## Problem statement:
Write the listing below out again exactly, dropping the images.

## Provided data:
********************

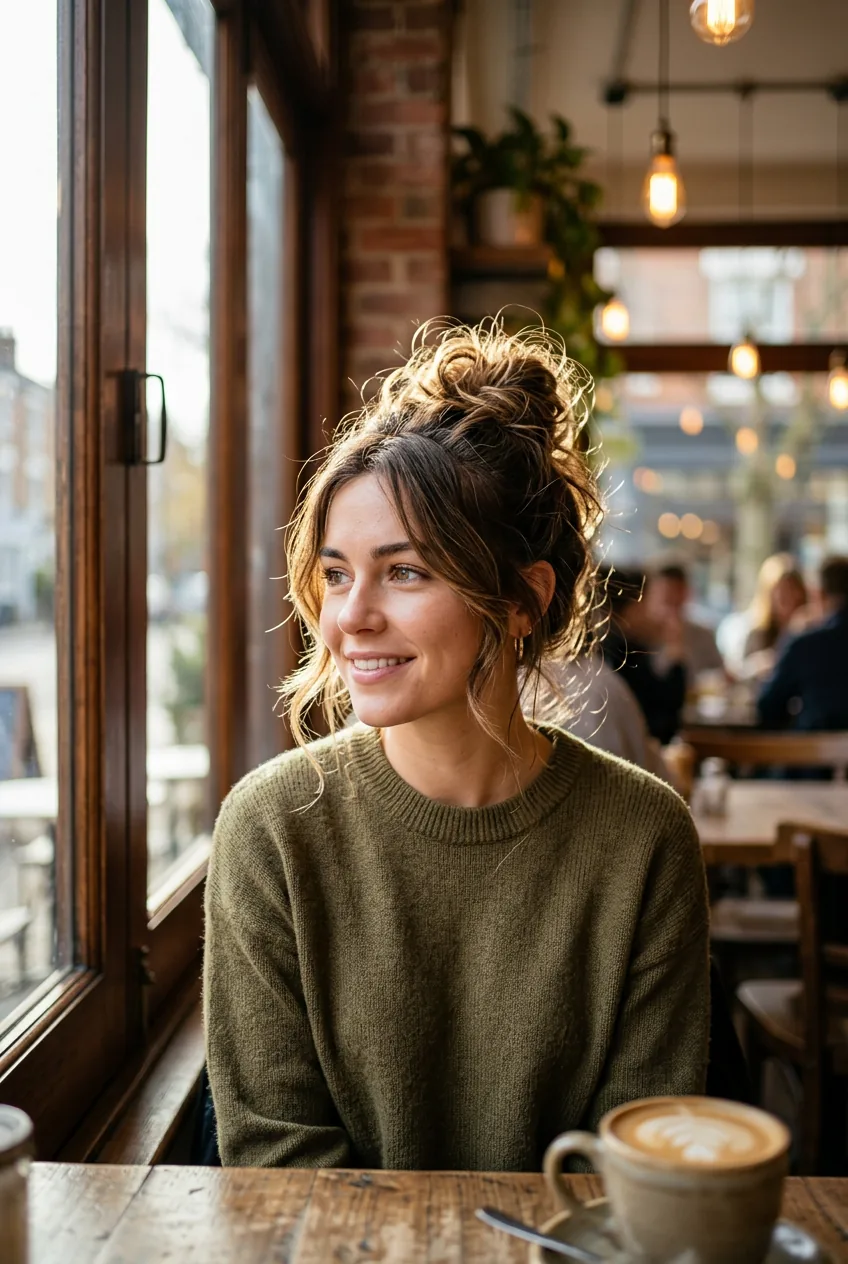 Woman with effortless messy bun and face-framing loose pieces in cafe setting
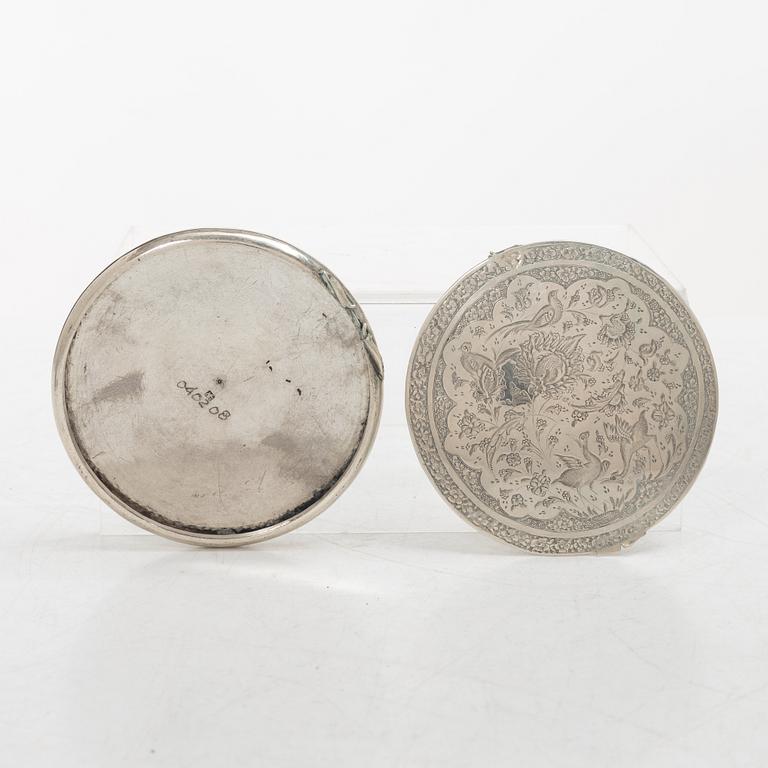 Two silver buttons, a belt buckle, an armring and a box, Persia, first part of the 1900s.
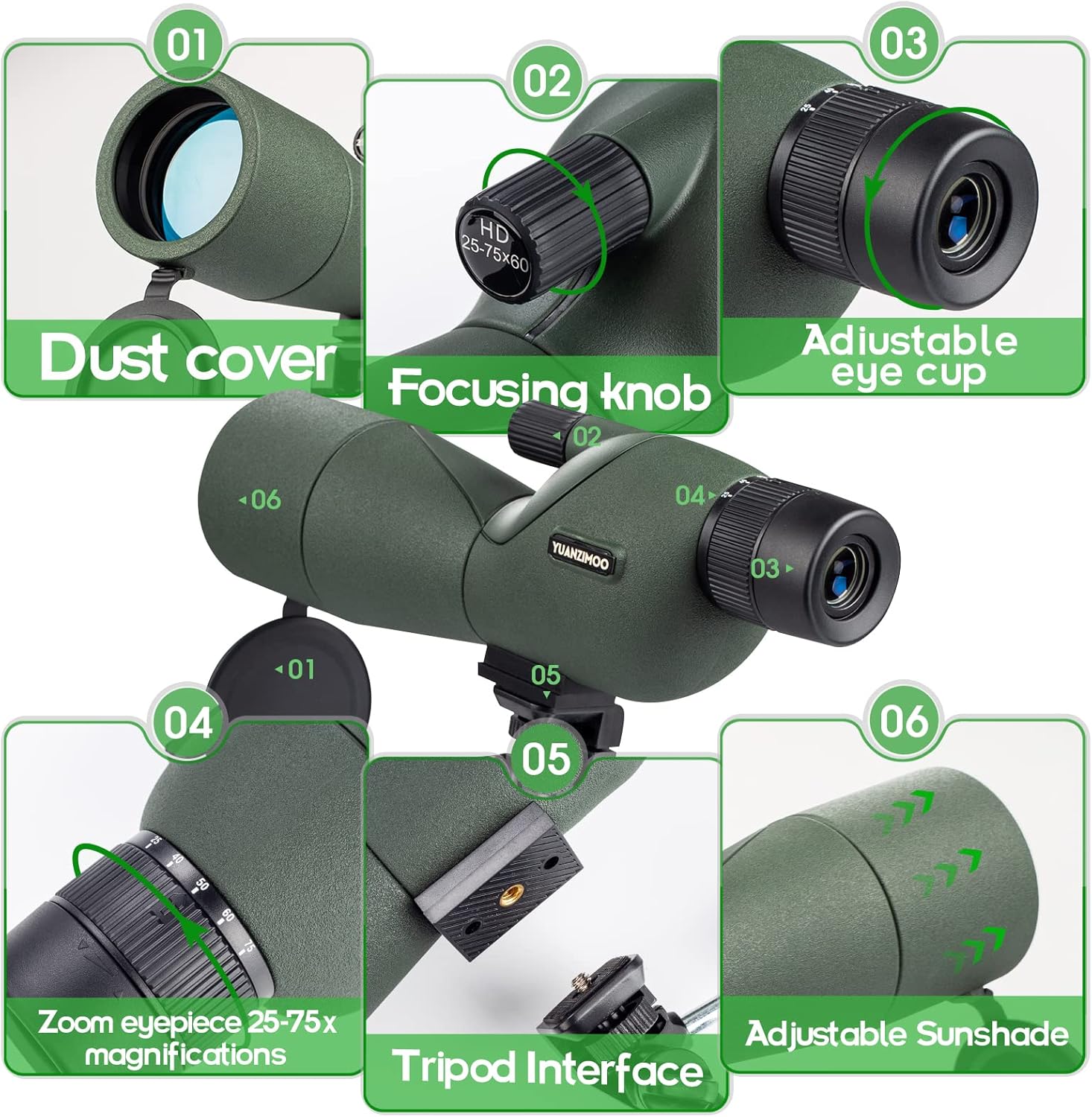 25-75x60 Spotting Scopes with Tripod Carrying Bag Phone Adapter Straig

********************

## Answer to the exercise:
 Woman with effortless messy bun and face-framing loose pieces in cafe setting
 Two silver buttons, a belt buckle, an armring and a box, Persia, first part of the 1900s.
 25-75x60 Spotting Scopes with Tripod Carrying Bag Phone Adapter Straig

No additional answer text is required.